Oireachtas Joint and Select Committees

Thursday, 16 February 2023

Joint Oireachtas Committee on Climate Action

Climate Action Plan 2023: Discussion

Photo of Christopher O'SullivanChristopher O'Sullivan (Cork South West, Fianna Fail) | Oireachtas source

Yes, absolutely. Hospitality is big in the regional parts of Ireland. A scheme for industry, hotels and so on exists through the Sustainable Energy Authority of Ireland, SEAI, to fund renewable forms of heating their premises. Hotels or restaurants where large amounts of gas are used for cooking do not have the option of applying for grants for a renewable form of gas.
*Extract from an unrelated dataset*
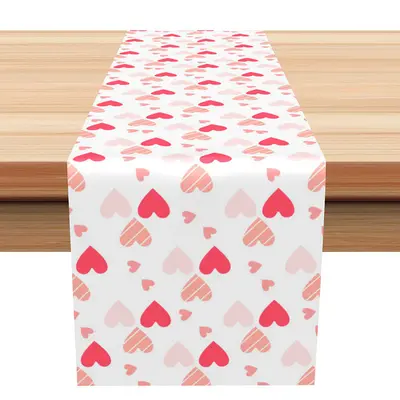 Pink Cute Hearts Repeat Valentines Day Table Runner - Aperturee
The best example is where food waste, cooked or raw, is put into a miniature anaerobic digester and that directly produces gas for cooking facilities, through anaerobic digestion. I am aware that some hotels have installed them off their own back and are thrilled with the output from them. If every hotel in Ireland had these installed I could not quantify the amount of emissions reduction, but let us say it would be 0.01%. It all adds up in respect to the cumulative approach to reducing emissions. Is that something that could be looked at? Could we incentivise a grant aid for installation of these mini anaerobic digesters? I will give MyGug.eu, a west Cork based company, a shout about these dinosaur egg shaped anaerobic digesters. They are pleasing on the eye. I was contacted recently by some schools that want to install these for gas for their laboratories and home economics. However, it can be replicated in hotels, restaurants and cafés. It all adds up. Is that something that could be incentivised?